The Saskatchewan NDP has announced a plan to create 10,000 spaces of "affordable, accessible child care" over the next four years.
Party Leader Dwain Lingenfelter made the announcement Tuesday morning at a daycare centre in Yorkton, saying, "We must ensure our kids are getting the best possible learning experience in the best possible child care."
He said the plan would include a cap on fees at $12 a day for school-age children and $22 for infants and toddlers, with the balance of the cost picked up by the provincial treasury.
The plan also calls for an online registry helping parents to find licensed care, expanded training of child care providers and, for mothers and fathers who act as primary caregivers at home, there would be a fully refundable tax credit of up to $1,000.
A party statement added "the NDP supports the choices of parents to provide the type of child care that best fits their needs as a family."
The NDP says the entire package would cost just over $200 million over four years - $171 million over four years to cap the fees, $6.7 million for the tax credit and $42 million to build or create the new spaces.
But Lingenfelter added it would benefit the economy by freeing up parents to train for, and take, jobs - what he called a "an investment with a tremendous return to our economy and our society."
"What we plan to do is spread the wealth more evenly so that every child has an equal chance of getting a good education, a good start to life."
The NDP says the need for spaces is so great that only about 10 per cent of Saskatchewan children have access to licensed care, with Lingenfelter saying the province is "far behind the national average" for access to child care, per-capita.
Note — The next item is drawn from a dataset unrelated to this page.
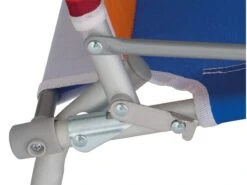 Eurotrail Strandstoel Beziers Beach Multi Color -Buitenkampeer Winkel 44 2 eurotrail strandstoel beziers beach multi color etcf1377 9900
So critical is the shortage that the NDP, if elected, would add the 10,000 new spaces in its first term of government.
He contrasted Saskatchewan unfavourably with Manitoba, claiming that it has 27,000 childcare spaces compared with only 11,000 in this province.
"But this is a big start and we think families will appreciate this platform announcement."
The Saskatchewan Party fired back, saying it has created 3,435 new spaces since forming government in 2007, with a total of 12,740 spaces in the province, slightly higher than the NDP's figure. The Sask. Party also claimed the NDP created only 1,450 new spaces over its 16 years in government from 1991-2007.
The NDP announcement also pledged to "work with families, childcare providers, and other professionals to develop a long-term childcare strategy."
The child care benefits would not be "income-tested", but could be taxed back from high-income young families through the income tax system, Lingenfelter said. For families already getting child care subsidies, the cut-off level "will be adjusted," he said.